- TASK STATEMENT -
Check every line below for the word "Wonder" and copy each one that has it.
┏━━
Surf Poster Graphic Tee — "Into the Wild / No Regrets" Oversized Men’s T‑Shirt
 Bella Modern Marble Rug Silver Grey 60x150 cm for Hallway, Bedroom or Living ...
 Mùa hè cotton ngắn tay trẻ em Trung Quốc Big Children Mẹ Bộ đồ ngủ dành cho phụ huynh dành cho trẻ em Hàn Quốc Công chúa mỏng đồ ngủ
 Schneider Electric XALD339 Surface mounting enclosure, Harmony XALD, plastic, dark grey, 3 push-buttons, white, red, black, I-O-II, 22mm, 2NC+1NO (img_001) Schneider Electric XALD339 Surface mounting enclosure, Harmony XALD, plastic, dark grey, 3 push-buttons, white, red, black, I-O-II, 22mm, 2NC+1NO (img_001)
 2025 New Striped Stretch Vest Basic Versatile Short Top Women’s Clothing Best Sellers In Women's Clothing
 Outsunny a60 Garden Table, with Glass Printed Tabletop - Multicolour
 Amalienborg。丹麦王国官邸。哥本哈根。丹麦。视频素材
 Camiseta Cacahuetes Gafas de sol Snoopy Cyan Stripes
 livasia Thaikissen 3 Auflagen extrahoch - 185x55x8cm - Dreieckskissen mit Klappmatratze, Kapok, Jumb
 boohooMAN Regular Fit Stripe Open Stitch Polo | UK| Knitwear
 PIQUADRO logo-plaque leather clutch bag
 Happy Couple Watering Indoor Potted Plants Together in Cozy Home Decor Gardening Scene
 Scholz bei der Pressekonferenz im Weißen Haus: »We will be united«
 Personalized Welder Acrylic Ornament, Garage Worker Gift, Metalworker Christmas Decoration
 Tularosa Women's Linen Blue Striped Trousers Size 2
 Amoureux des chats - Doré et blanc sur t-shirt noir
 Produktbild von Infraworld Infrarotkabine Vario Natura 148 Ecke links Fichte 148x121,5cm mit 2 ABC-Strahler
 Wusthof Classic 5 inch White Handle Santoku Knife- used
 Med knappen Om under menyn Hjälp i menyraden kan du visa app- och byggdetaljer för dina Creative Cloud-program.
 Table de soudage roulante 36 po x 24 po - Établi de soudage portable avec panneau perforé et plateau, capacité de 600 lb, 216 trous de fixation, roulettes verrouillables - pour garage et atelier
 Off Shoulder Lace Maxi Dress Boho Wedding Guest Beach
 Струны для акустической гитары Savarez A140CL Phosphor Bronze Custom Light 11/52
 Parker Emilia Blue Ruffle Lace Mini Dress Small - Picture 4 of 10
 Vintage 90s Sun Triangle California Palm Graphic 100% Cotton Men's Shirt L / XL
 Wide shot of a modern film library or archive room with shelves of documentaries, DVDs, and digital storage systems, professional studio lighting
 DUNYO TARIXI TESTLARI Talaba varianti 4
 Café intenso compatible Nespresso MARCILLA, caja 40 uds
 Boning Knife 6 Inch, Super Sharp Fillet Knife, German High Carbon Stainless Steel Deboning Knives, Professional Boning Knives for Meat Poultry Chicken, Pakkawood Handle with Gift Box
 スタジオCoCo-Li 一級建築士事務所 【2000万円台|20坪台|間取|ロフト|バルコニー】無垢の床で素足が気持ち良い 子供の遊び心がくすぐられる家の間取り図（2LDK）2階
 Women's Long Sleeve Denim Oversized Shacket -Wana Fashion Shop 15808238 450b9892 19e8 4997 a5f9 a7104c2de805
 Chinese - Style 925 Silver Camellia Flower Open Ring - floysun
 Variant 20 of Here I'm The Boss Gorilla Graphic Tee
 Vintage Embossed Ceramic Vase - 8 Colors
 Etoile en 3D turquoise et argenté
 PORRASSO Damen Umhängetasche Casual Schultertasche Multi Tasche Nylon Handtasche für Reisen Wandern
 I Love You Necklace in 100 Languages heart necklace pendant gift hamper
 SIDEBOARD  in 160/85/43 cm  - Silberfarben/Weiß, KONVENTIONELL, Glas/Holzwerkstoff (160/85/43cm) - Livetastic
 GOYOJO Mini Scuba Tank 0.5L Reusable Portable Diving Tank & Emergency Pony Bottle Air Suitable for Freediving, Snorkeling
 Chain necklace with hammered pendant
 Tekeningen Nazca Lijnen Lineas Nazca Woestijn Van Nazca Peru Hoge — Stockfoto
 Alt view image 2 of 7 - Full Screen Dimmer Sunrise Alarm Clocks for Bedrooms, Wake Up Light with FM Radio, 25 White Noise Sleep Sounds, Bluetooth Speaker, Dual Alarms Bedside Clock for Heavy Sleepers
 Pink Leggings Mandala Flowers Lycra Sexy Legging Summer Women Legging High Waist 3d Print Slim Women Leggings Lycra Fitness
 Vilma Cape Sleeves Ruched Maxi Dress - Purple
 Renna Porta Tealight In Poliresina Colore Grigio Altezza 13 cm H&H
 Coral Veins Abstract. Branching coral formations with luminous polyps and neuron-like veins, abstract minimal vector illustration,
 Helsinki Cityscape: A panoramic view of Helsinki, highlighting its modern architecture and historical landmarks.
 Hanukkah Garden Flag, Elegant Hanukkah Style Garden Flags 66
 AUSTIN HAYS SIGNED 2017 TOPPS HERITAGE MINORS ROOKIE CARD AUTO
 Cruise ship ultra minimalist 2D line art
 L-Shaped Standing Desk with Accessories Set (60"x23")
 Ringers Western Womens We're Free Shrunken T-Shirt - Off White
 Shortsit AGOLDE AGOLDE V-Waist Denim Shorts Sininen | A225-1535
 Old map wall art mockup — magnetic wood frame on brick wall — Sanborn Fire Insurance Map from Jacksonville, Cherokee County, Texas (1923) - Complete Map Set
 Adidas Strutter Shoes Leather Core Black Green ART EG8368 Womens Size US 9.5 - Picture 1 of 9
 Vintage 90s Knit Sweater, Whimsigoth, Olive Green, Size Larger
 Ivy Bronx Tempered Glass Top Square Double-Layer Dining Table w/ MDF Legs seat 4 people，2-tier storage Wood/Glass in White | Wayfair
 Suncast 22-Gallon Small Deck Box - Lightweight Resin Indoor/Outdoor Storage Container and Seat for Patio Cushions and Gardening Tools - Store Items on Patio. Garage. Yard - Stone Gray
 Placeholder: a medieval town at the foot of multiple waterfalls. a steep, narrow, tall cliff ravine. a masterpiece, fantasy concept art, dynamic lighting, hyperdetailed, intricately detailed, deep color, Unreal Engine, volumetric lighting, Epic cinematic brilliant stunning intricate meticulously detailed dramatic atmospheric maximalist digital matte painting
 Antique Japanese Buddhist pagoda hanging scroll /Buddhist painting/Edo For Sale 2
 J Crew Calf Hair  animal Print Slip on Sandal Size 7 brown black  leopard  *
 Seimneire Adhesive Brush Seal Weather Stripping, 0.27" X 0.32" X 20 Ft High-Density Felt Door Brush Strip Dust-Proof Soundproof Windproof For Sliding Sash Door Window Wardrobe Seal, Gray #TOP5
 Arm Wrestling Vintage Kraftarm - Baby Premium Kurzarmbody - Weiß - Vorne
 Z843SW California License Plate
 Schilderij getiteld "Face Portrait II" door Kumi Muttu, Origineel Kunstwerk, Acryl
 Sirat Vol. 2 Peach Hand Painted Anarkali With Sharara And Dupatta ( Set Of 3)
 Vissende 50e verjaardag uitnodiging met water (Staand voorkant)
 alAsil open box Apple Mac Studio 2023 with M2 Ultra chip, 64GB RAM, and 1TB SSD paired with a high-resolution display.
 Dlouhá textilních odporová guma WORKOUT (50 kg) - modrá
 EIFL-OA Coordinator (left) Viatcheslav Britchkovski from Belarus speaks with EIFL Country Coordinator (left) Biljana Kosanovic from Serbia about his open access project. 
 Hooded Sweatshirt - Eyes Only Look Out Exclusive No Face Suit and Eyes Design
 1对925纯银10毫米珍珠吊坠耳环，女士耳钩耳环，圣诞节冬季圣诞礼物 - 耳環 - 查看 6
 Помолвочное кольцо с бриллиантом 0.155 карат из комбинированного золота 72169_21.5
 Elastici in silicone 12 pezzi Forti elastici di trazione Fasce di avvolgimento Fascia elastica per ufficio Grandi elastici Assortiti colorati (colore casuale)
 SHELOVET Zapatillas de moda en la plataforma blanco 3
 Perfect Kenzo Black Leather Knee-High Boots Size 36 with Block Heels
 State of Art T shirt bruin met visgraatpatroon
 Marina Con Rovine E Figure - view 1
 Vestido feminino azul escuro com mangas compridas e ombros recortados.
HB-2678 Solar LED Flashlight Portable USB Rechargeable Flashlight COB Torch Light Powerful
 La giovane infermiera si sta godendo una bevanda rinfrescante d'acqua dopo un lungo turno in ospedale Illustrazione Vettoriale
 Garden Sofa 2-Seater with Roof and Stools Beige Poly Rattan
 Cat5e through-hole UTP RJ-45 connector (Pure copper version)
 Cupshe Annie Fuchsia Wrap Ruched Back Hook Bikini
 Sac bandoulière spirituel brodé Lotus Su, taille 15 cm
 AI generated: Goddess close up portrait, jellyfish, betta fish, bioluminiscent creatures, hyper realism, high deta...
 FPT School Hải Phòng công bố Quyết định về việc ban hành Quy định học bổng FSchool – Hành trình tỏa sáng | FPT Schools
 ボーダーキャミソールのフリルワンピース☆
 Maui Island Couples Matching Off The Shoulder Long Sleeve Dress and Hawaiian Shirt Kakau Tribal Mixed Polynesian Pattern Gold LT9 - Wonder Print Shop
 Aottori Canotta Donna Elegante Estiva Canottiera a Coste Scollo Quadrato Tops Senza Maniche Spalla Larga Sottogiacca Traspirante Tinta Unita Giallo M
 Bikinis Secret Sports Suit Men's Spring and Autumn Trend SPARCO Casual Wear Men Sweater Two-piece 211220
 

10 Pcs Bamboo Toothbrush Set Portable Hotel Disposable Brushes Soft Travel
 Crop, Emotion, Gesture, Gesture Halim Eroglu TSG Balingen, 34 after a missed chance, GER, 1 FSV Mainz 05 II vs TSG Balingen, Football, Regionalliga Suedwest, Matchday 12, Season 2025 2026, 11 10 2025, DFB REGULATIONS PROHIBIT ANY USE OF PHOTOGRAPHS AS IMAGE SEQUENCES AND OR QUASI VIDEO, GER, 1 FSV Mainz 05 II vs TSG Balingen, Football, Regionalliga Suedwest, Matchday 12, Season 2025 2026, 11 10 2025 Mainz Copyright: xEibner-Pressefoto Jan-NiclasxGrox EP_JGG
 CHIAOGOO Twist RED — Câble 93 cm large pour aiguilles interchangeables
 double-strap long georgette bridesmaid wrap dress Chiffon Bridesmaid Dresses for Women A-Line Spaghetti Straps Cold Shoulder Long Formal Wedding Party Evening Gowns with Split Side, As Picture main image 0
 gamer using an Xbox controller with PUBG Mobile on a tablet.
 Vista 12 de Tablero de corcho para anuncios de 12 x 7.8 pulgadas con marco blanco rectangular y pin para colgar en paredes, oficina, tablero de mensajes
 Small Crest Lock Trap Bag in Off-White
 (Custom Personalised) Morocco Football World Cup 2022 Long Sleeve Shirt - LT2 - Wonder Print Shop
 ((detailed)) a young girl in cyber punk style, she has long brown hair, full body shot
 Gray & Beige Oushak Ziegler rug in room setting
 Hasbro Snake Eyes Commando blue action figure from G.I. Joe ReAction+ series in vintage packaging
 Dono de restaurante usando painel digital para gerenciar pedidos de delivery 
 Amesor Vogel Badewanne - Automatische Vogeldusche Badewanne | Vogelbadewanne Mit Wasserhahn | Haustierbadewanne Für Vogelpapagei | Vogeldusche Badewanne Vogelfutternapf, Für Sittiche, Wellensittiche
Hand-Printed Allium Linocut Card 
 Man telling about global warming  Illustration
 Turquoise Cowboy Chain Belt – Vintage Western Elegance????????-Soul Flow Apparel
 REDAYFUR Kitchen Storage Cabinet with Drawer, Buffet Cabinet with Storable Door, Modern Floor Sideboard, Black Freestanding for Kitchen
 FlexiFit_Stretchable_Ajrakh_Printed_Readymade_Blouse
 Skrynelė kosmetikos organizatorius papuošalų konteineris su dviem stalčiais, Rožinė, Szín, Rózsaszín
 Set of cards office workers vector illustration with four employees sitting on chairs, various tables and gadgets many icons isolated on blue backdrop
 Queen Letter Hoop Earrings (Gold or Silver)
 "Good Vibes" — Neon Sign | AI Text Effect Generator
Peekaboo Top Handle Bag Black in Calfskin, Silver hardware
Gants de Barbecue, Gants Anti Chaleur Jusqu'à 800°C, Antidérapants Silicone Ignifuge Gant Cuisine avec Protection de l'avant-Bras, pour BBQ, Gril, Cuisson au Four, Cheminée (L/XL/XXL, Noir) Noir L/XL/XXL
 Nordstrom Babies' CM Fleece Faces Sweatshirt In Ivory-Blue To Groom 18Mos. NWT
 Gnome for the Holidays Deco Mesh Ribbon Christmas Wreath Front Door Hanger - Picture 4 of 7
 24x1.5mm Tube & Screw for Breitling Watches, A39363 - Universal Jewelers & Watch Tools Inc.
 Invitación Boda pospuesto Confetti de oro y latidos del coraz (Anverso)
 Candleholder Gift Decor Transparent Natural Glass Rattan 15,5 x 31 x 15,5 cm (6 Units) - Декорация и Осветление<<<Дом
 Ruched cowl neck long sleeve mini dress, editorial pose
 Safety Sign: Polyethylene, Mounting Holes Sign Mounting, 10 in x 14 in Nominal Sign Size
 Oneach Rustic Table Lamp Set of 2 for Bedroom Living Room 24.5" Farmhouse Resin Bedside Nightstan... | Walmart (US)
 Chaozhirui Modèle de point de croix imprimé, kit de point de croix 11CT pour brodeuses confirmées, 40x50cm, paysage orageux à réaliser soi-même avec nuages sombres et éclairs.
┗━━
- ANSWER TO THIS PROBLEM -
 Maui Island Couples Matching Off The Shoulder Long Sleeve Dress and Hawaiian Shirt Kakau Tribal Mixed Polynesian Pattern Gold LT9 - Wonder Print Shop
 (Custom Personalised) Morocco Football World Cup 2022 Long Sleeve Shirt - LT2 - Wonder Print Shop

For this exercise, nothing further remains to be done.